- Action item: Please transcribe the data below in full. Omit any picture you find in it.

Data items
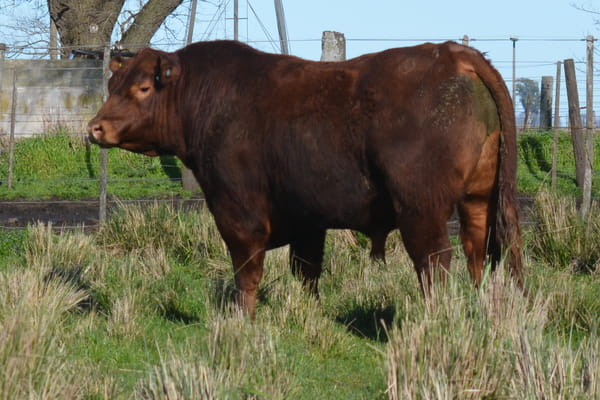 Lote Toros PC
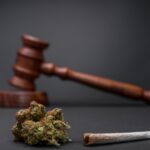 Cannabis-Legalisierung Deutschland: Alles zum CanG 2026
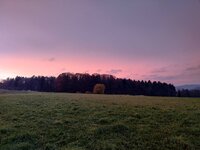 IMG_20251108_163217.jpg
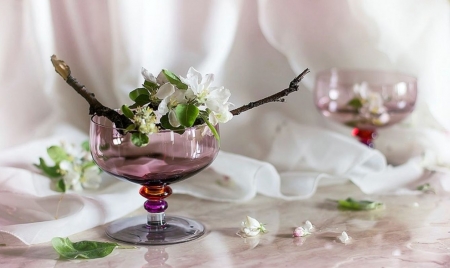 Spring - blooming, glass, spring, still life, abstract, white, twig, background, photography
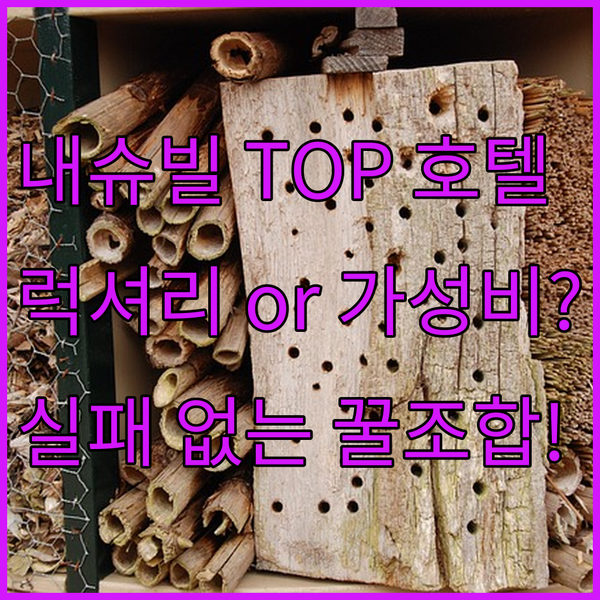 음악의 도시 내슈빌 최고의 호텔 럭셔리부터 실용성까지 취향별 완벽 분석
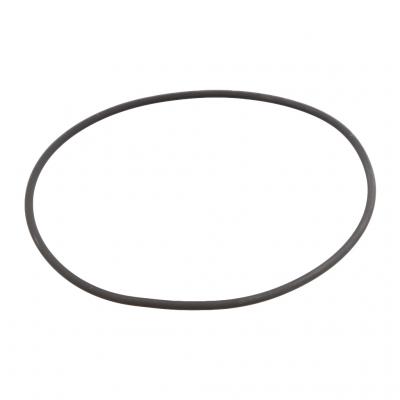 O-RING (Pack of 10)
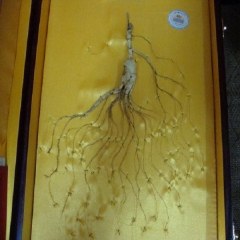 宽甸石柱参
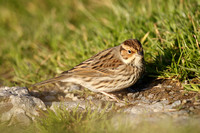 Little Bunting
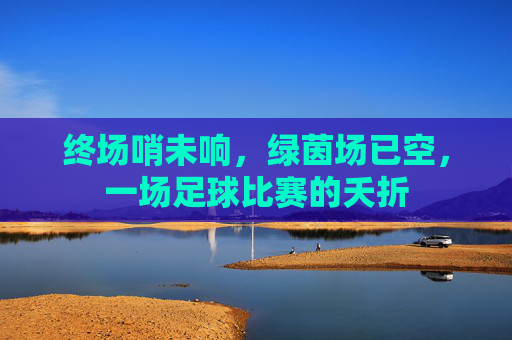 终场哨未响，绿茵场已空，一场足球比赛的夭折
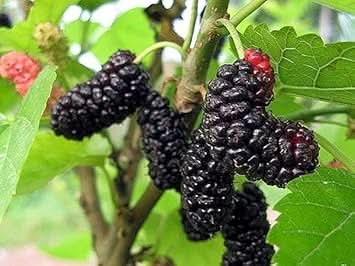 Mulberry fruit seed set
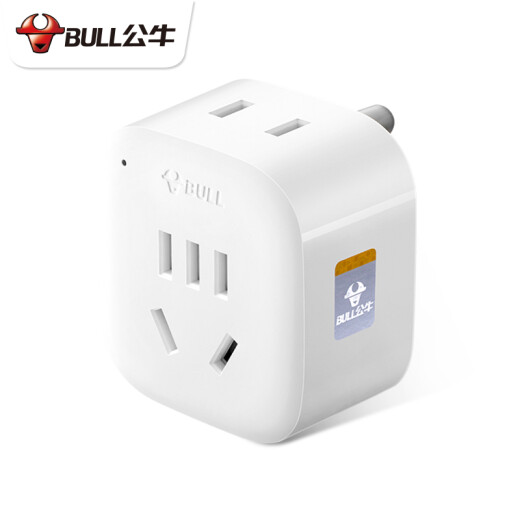 公牛（BULL） 印度标尼泊尔斯里兰卡旅行充电转换器插头转国内电器插座L01S 2插位印度标GN-L01S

- Exercise answer:
 Lote Toros PC
 Cannabis-Legalisierung Deutschland: Alles zum CanG 2026
 IMG_20251108_163217.jpg
 Spring - blooming, glass, spring, still life, abstract, white, twig, background, photography
 음악의 도시 내슈빌 최고의 호텔 럭셔리부터 실용성까지 취향별 완벽 분석
 O-RING (Pack of 10)
 宽甸石柱参
 Little Bunting
 终场哨未响，绿茵场已空，一场足球比赛的夭折
 Mulberry fruit seed set
 公牛（BULL） 印度标尼泊尔斯里兰卡旅行充电转换器插头转国内电器插座L01S 2插位印度标GN-L01S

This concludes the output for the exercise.